Andy Gordon

Andy Gordon‘s follow up to 2013′s The Reverent Jorfy (see ‘Breelong Black’ here)  is a dark and calmly stormy affair. Whereas Jorfy dealt with dark historical themes but in a life affirming way – ebullient and country sweet, with the humanity of Gordon’s  voice and story-telling delivery pulling you into each song – Black Sea is deeper,  a glistening swirl of indigo waters that reflects another side of humanity: that of disillusionment, existential questions and the encroaching night…

1012258_636037829739689_1739035751_n

The five originals here (Black Sea also contains a tightly wound cover of Dire Straits‘ ‘Six Blade Knife’) grew from the ethos of “write the song in the morning and have it completely recorded by dinner time.”

a0142187543_10

This work-around adds a fresh simplicity to the songs – plus it helps to have the remarkable enabler Syd Green writing and recording with Andy. Anything Green touches has a ‘finished’ aura to it – it is entirely satisfying on all levels: especially the emotive and the spiritual. Gordon and Green make Black Sea look (sound) easy, but it is a distillation of two effortless talents casting their fates to the wind and seeing what blows back. 

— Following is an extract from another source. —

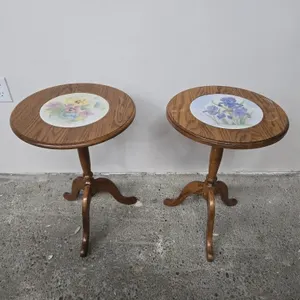 Two Wooden tilt top tri leg tables with embedded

What has blown back on this album has cold sea salt on its breath – Black Sea has an overarching feeling of the deep dark ocean about it. Not the friendly ocean off Manly but that other ocean, the ocean deeps of our souls – “how many times can i watch the sea roll in? all of the suns, all of the moons, until one of us dies”.

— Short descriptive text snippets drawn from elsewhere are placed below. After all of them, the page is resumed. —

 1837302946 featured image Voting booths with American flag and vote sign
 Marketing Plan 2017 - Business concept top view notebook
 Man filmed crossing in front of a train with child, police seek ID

On ‘Rollin’ Sea’ Gordon asks “How many times can I go to Heaven…?” and you just know the next line will conjure Hell. A song from Paris, ‘Amandaline’ is written about a vision Gordon had of a 19th century poet’s muse drifting beneath the surface of the Seine. Cold water, night reflections, loss, detachment.

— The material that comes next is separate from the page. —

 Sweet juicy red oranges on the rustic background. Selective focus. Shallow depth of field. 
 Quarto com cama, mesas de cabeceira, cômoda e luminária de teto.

The closer, ‘New York’, is pummelled along by Green’s nagging shuffle – a tom-tom shuffle as insistent as that über-city’s pugnacious pressure. It is Gordon’s love song to NYC’s details, architecture and grit, but like all else here, it has a shade of doubt dappling the sunlight of childlike wonder (vis a vis Tanya Bowra‘s repeated background whisper “Save yourself, save yourself”).

Black Sea is a gem – in fact six dark little gems in a row, with teeth that sparkle dark in the watery night. Gordon mentions money (the eternal and rasping yoke of the truly indie artist) maybe once too often in the Press Release that accompanied my copy, but as hard as it may be for you, Andy, you have given us a gift.